Il dépose sur le canapé son paquet et replace instinctivement une mèche de cheveux châtain derrière l'oreille blanche, il devrait aller chercher son grand père mais il n'a pas la force de bouger. Maintenant qu'il est exposé à la lumière du jour, le corps de porcelaine affiche un nombre inquiétant de blessures profondes, de bleus et coupures qui marbrent la peau parfaite. Sa maigreur est alarmante et plus encore, le sang rouge carmin qui s'écoule ici et là ne laisse aucun doute sur ce qu'à pu subir le pauvre garçon pendant son séjour forcé. Ses poignets sont fortement marqués, prouvant l'ancienne place de chaines et Blaine retient un haut le cœur quand il aperçoit à son cou de porcelaine des traces similaires.

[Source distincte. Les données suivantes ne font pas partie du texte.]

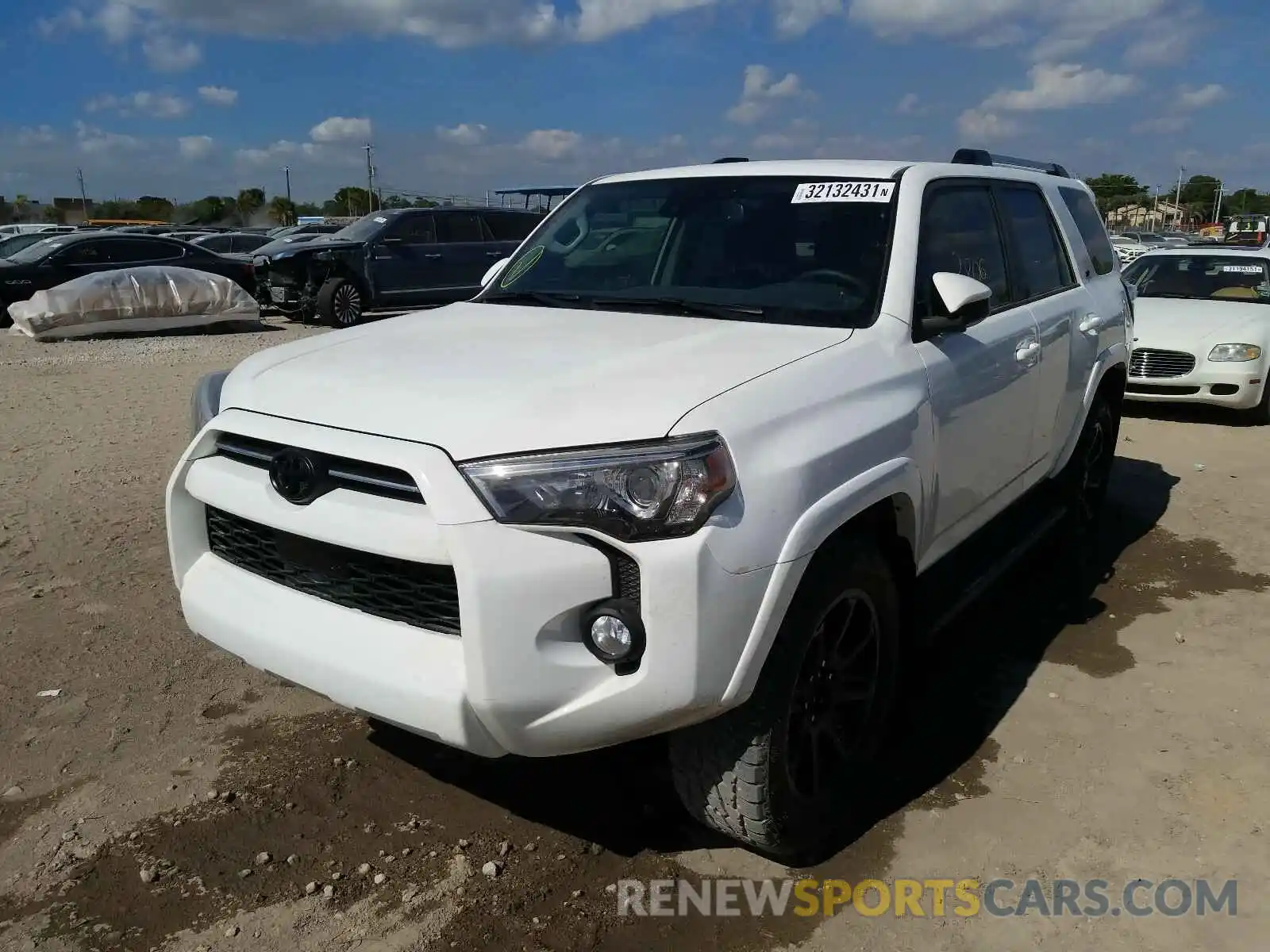 2 Photograph of a damaged car JTEBU5JR7L5800353 TOYOTA 4RUNNER 2020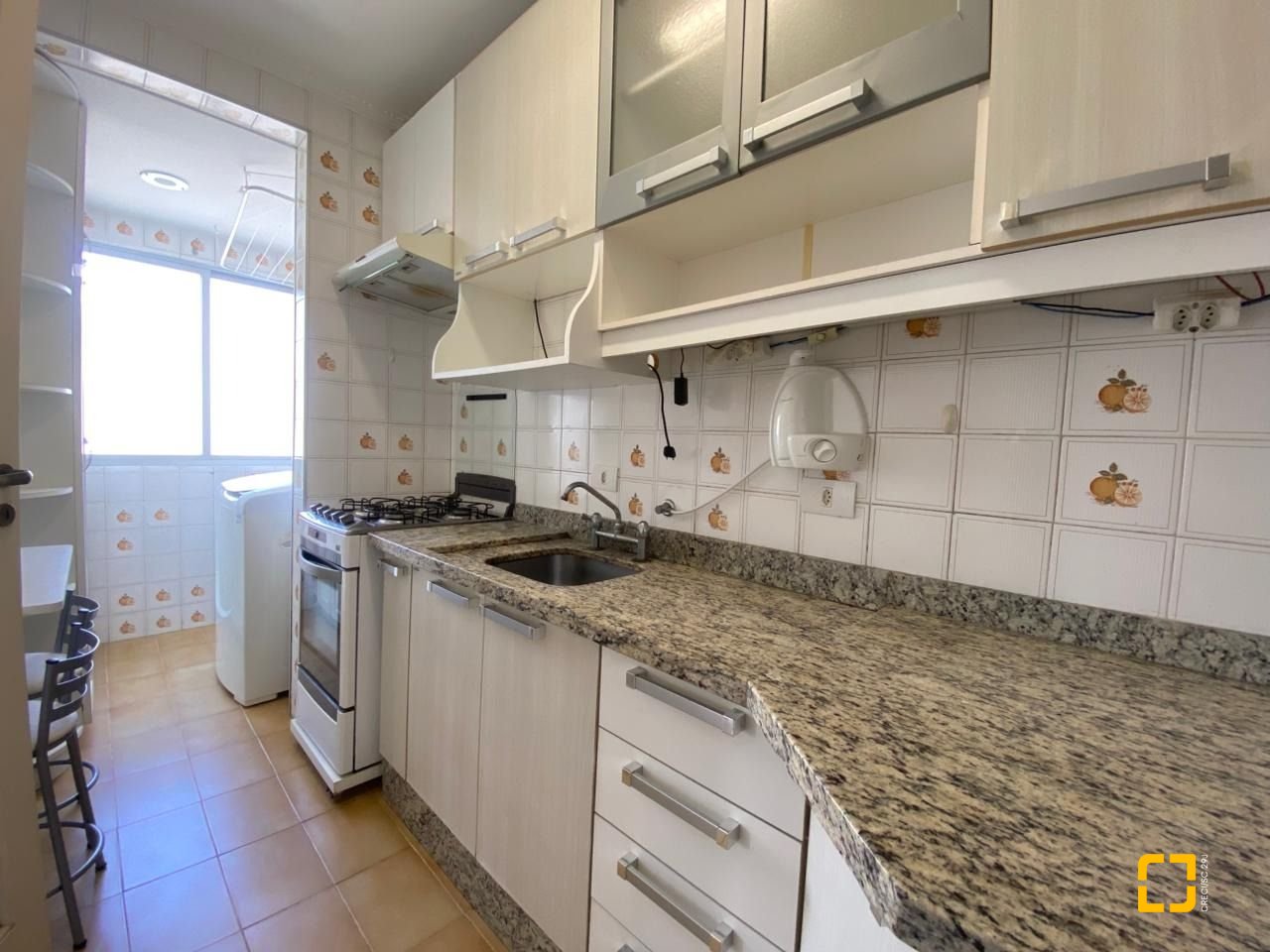 Apartamento com 56m², 2 quartos, 1 garagem, no bairro Coqueiros em Florianópolis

Pris d'une impulsion soudaine, il se penche en avant et scrute plus en profondeur le visage angélique lorsque deux yeux d'un bleu inimaginable se plantent dans ses pupilles dorés. Ils se fixent ainsi tout les deux, l'ange semble terrifié et des centaines de questions défilent sous ses yeux pendant qu'il analyse la situation. Blaine est juste … Noyé … Dans ses iris au bleu magnifique qui le fixe inlassablement, il a presque envie de plonger dedans. Derrière la première impression de peur peinte dans l'iris de la créature se dresse une teinte de haine, de fierté et de dégout. Blaine voit sa notion de l'extérieur devenir floue et il n'entend même pas son grand père l'appeler.

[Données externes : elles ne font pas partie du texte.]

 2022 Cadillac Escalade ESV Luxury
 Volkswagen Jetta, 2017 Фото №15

« BLAINE ! Écarte-toi ! VITE ! »
Une main le tire en arrière de plusieurs mètres, rompant le contact hypnotisant et le ramenant subitement à la réalité.
Son grand père regarde la créature, toujours en position de défense, d'un œil critique.

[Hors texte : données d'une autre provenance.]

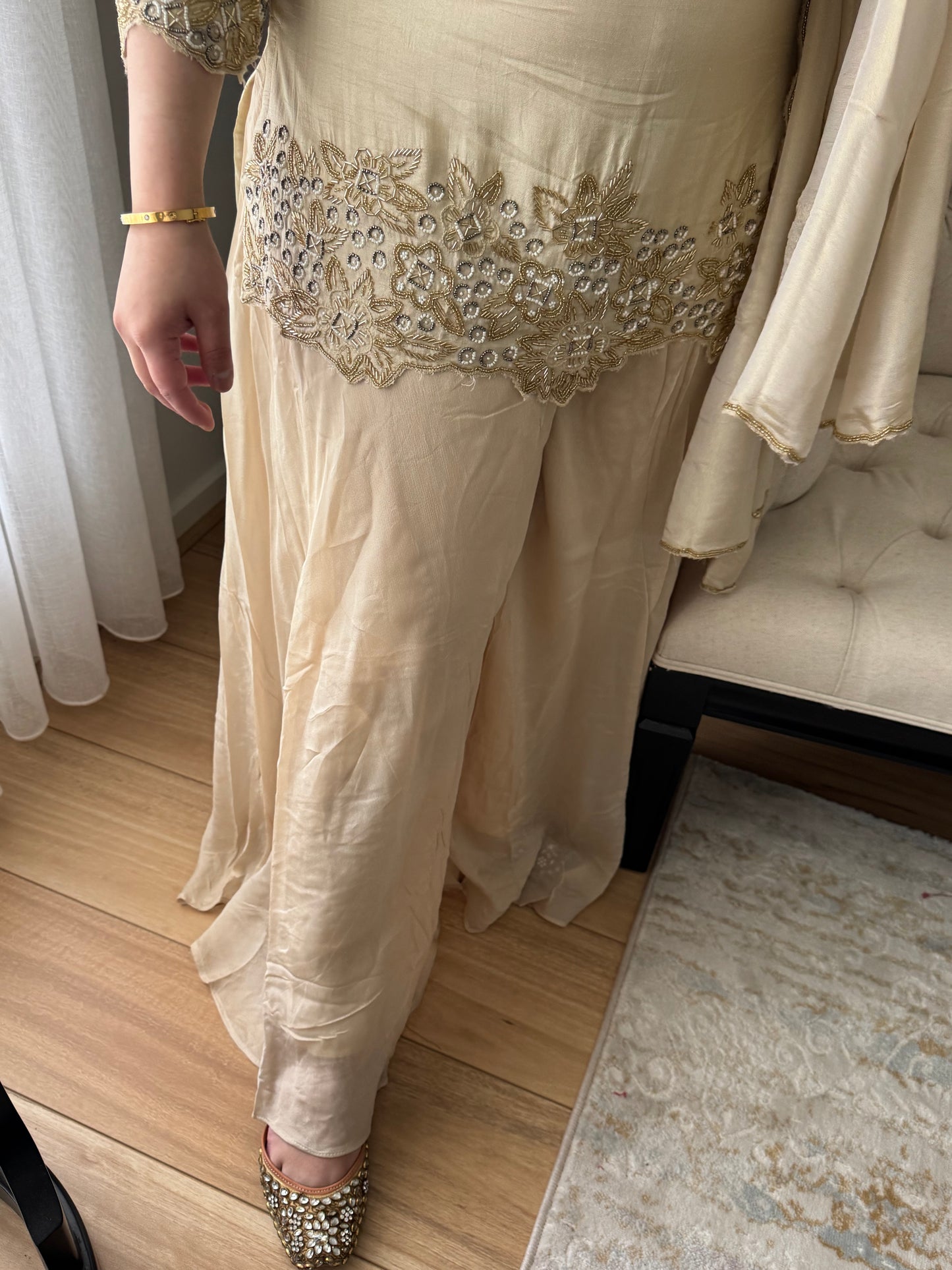 Avneet( Offwhite)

« Grand père, que ce que c'est ? »
« Où l'as-tu trouvé Blaine ? »
« Je l'ai sortit du sous sol, les hommes avaient l'air euphorique de sa présence. »
Son grand père n'en demande pas plus, il s'approche de quelques pas laissant une main en retrait pour faire comprendre à Blaine qu'il ne doit pas s'avancer. La créature dévisage maintenant le vieillard avec deux yeux grands ouverts et haineux, il essaye de bouger mais la douleur est visiblement présente et ses jambes ont l'air hors d'usage. Le vieil homme, tend une main vers lui, en signe de paix, il s'incline en avant en signe de respect et Blaine retient son souffle. A cet instant, alors que rien ne bouge, sort de la bouche de son grand père des paroles d'une langue qu'il n'a jamais entendu avant.
« Bonjour mon garçon je m'appelle Esmet et voici mon petit fils Blaine, nous sommes là pour t'aider. »
« Comment … Comment connaissez vous ma langue ? »
« Je l'ai apprise de ma mère. Je peux te secourir mais pour ça tu dois me laisser t'approcher. »
« Vous êtes des humains comme eux, vous n'êtes pas digne de confiance »
« Détrompe toi mon garçon, nous sommes tous très différent, certains sont mauvais et d'autre plus serviable voila tout. Blaine ici ta sortit des griffes de ses monstres. »
« Ils m'ont détruit et abusés, je les hais. »
« Je sais et j'en suis désolé, et nous essayons de réparer ça. Mais crois tu qu'une personne voulant te faire du mal prendrait la peine d'apprendre ta langue ? Comment t'appelles-tu ? »
« Kurt »
« Fais-moi confiance Kurt, nous allons t'aider. »
« Je ne vous fais pas confiance. »
« Alors laisse-nous juste t'apporter quelques soin. »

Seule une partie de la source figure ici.